The unilateral termination of the 1989 UP-DND Accord is another attempt to clamp down on democracy—it is a move reminiscent of the Marcos regime. Without evidence for his supporting arguments and without consultation from the University of the Philippines (UP), Secretary Delfin Lorenzana nonchalantly declared in a letter to UP President Danilo Concepcion that the decades-old agreement has ended. Now, what does this mean for us?
The 1989 accord, which was preceded by the 1982 Soto-Enrile agreement, prohibits the police and military from entering the University of the Philippines’ campuses freely. We have to understand that the deal is a recognition that there was a gross abuse of power against the students of the university through the rampant disappearances and killings at the time. The parties would not have entered an agreement had there been no reason for it to be established. So let us ask ourselves, is the agreement “obsolete”, as the Department of National Defense (DND) claims? Is there no more gross abuse of power from our police and military?
We need not look further than the events of the past few months. Last June 2020, the police dispersed a rally against the Anti-Terror Law inside UP Cebu, arresting eight individuals in what was a clear violation of the 1989 accord. The police justified their actions by saying that the protesters violated the ban on mass gatherings amid the pandemic.

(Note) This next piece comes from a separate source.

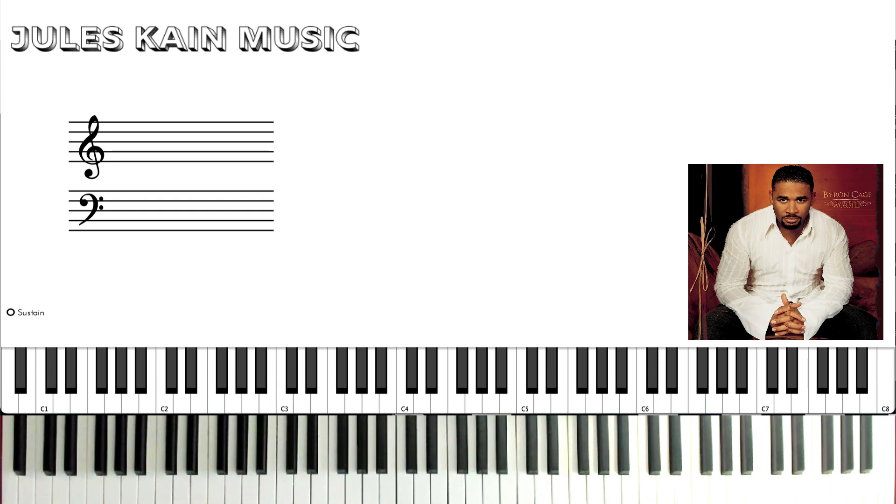Hey guys, Jules Kane here, back again with another piano tutorial. This time we're going to go over Broken But I'm Healed by Byron Cage.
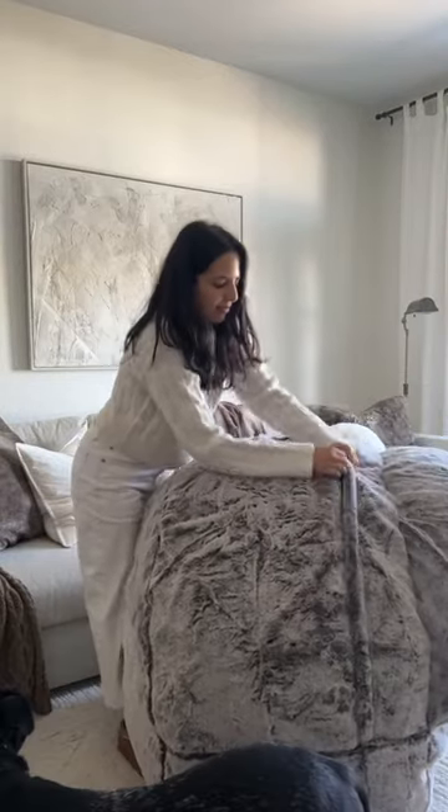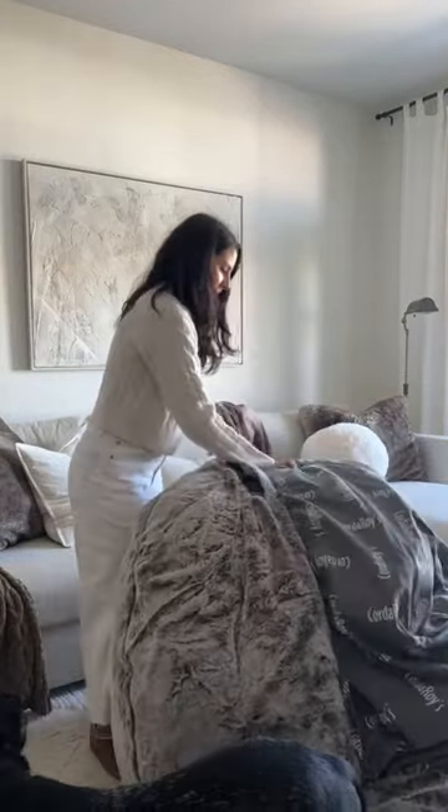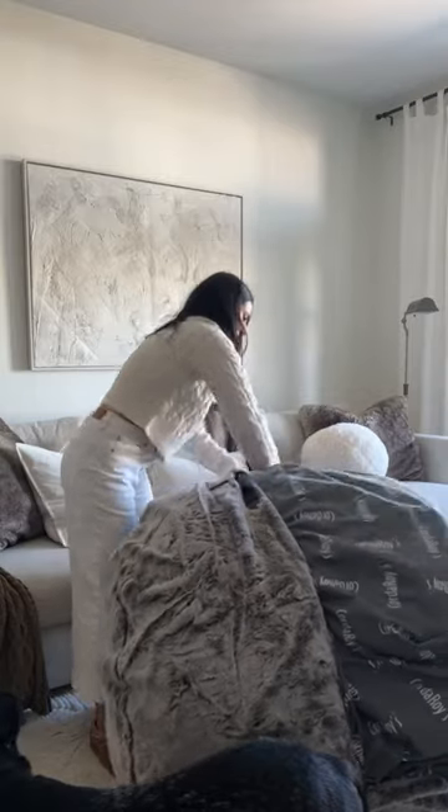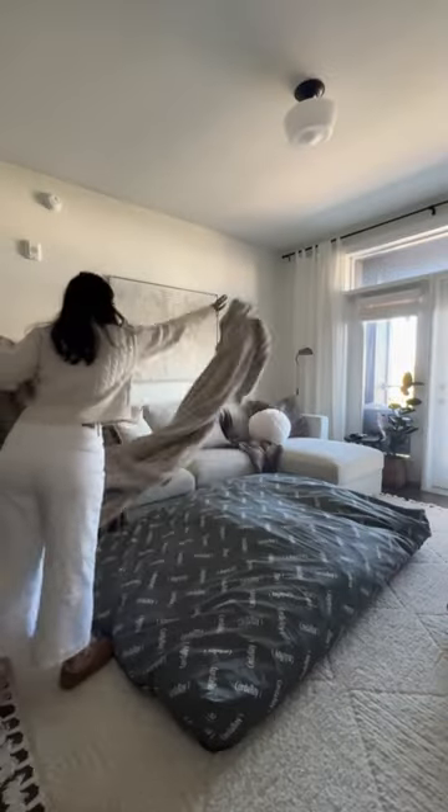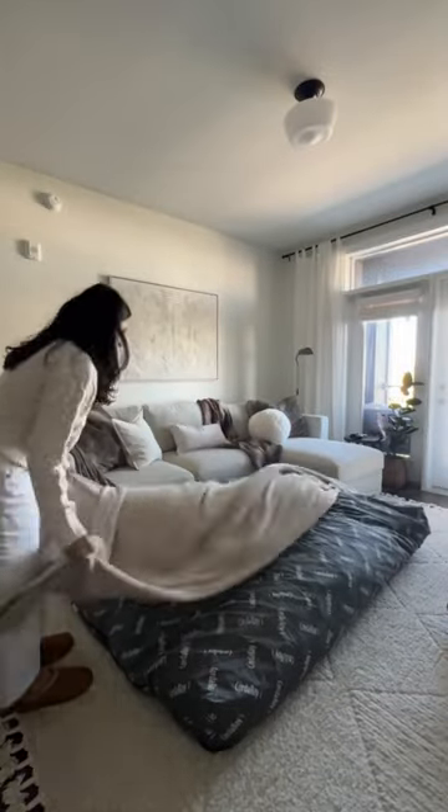Movie night is not complete without our corduroy beanbag chair. By just removing the cover, our beanbag goes from a chair to a bed. Add some fluffy pillows and blankets and we have a cozy bed for the three of us to snuggle up on.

And outside UP campuses, these instances are more blatant. There was the murder of army veteran Winston Ragos, where cops planted evidence in the crime scene. And only recently, Staff Sergeant Jonel Nuezca was dismissed from service for grave misconduct after shooting dead a mother and her son in Tarlac. And how could we forget the bloody war on drugs by this administration—an undeniable violation of human rights posing as a crackdown on illegal drugs? Gross abuse of power by state forces is everywhere.
Yet for Lorenzana, students are seemingly a bigger threat. In his letter, he claimed of an “ongoing clandestine recruitment inside UP campuses nationwide for membership” in the Communist Party of the Philippines (CPP) and the New People’s Army (NPA) and concluded that the accord was “a hindrance in providing effective security, safety, and welfare.” I cannot categorically deny or confirm with certainty whether any of his claims are true, but the DND has not offered any evidence, either, and as such, its reasoning comes across as plain red-tagging by the state of its own top state university.
While Lorenzana is so hell-bent on defeating insurrectionists, he overlooks their chief recruiter—President Rodrigo Duterte. While you may think this is a controversial statement, Duterte and his administration may just be pushing young people to join the CPP-NPA by feeding their anger with their draconian policies and despotism. Those in Malacañang are the ones fanning the flames and exponentially increasing the number of people who would rather fight the government.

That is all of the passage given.